_Record set_
↓↓↓
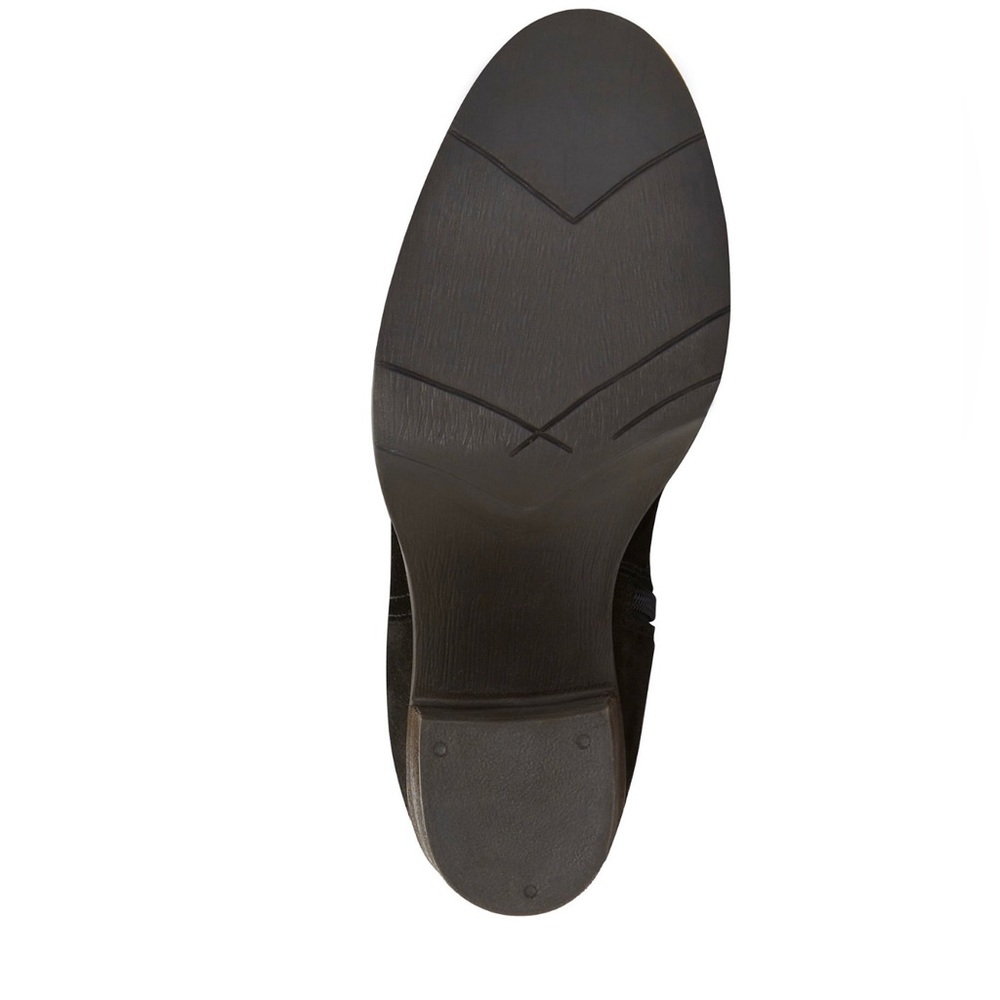 ****SOLD*****Lucky Brand Suede Block Heel Boots - Picture 4 of 8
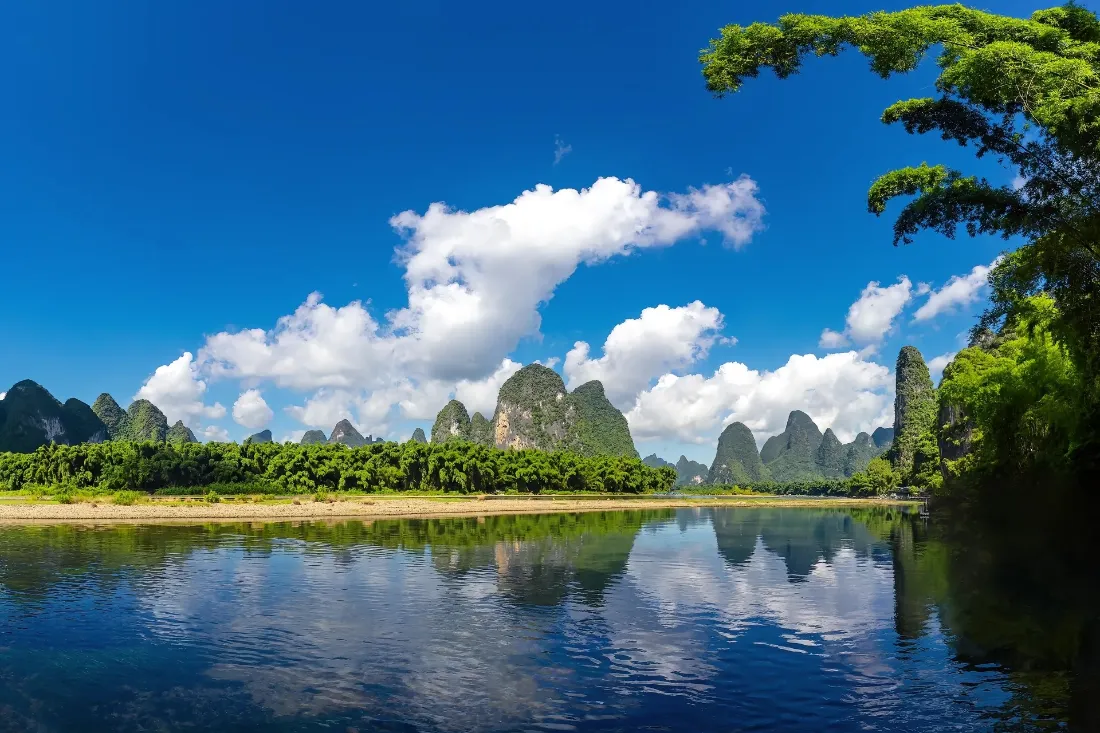 2k桂林山水壁纸｜自然风景背景图片 - 漓江风光「哲风壁纸」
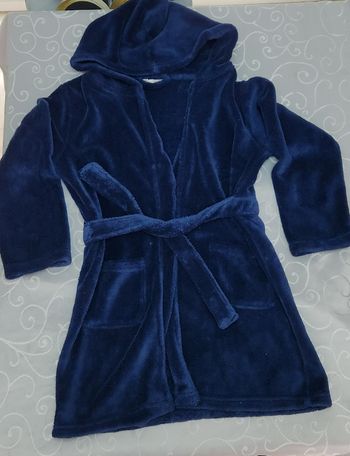 Peignoir 10 ans Nuit d'étoiles avec capuche TBE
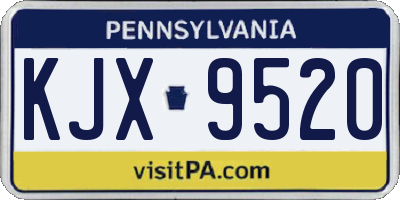PA license plate KJX9520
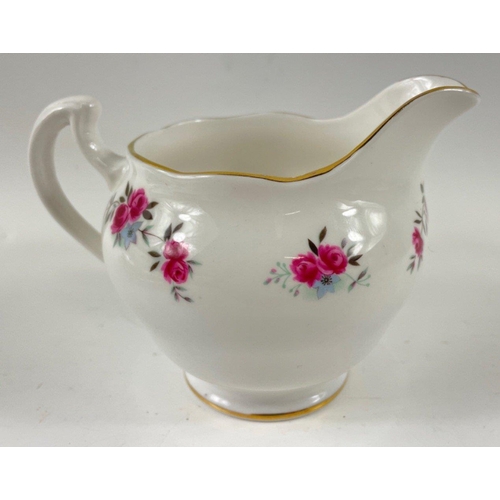 113 - Mixed china tea sets all decorated with roses to include ROYAL VALE (6 cups, 3 saucers, 3 plates and... 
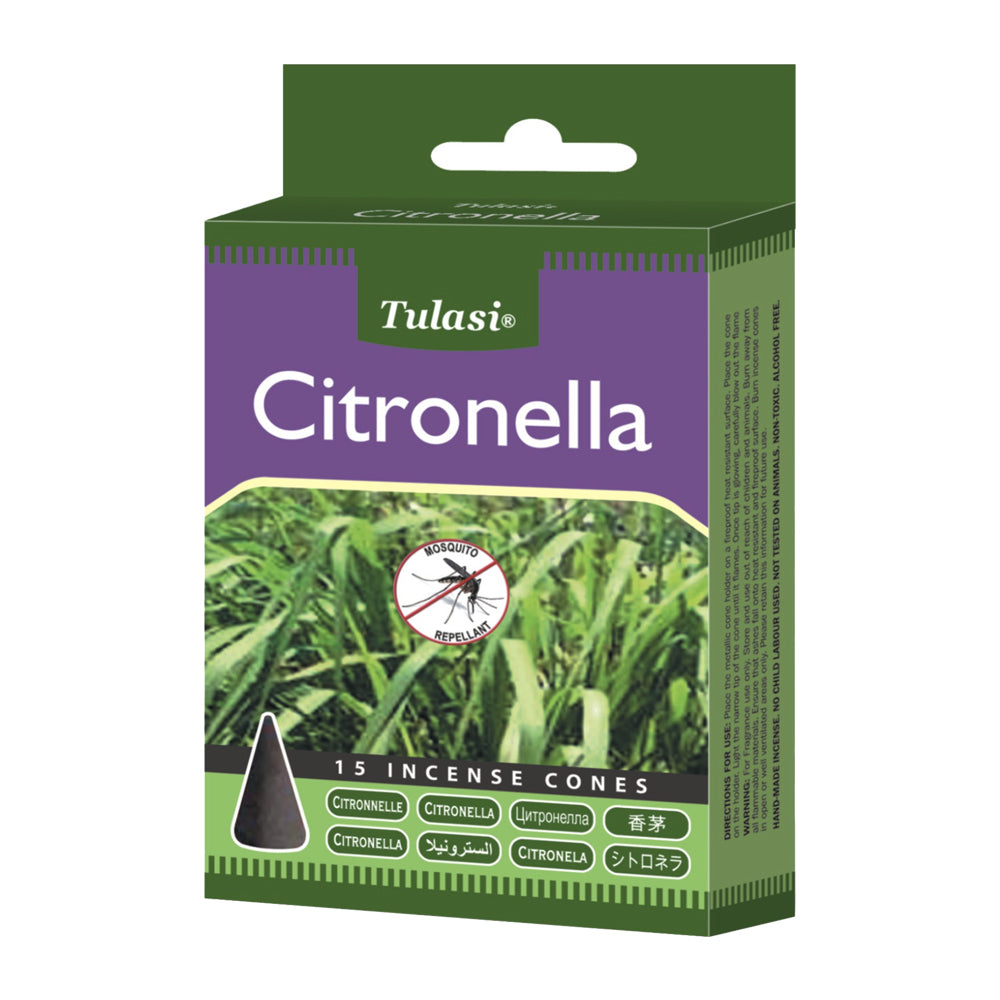 Tulasi Citronella Incense Cones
↑↑↑
_Work to complete_
A verbatim copy of the listing, with all pictures removed, is required.

_Answer to this problem_
 ****SOLD*****Lucky Brand Suede Block Heel Boots - Picture 4 of 8
 2k桂林山水壁纸｜自然风景背景图片 - 漓江风光「哲风壁纸」
 Peignoir 10 ans Nuit d'étoiles avec capuche TBE
PA license plate KJX9520
 113 - Mixed china tea sets all decorated with roses to include ROYAL VALE (6 cups, 3 saucers, 3 plates and... 
 Tulasi Citronella Incense Cones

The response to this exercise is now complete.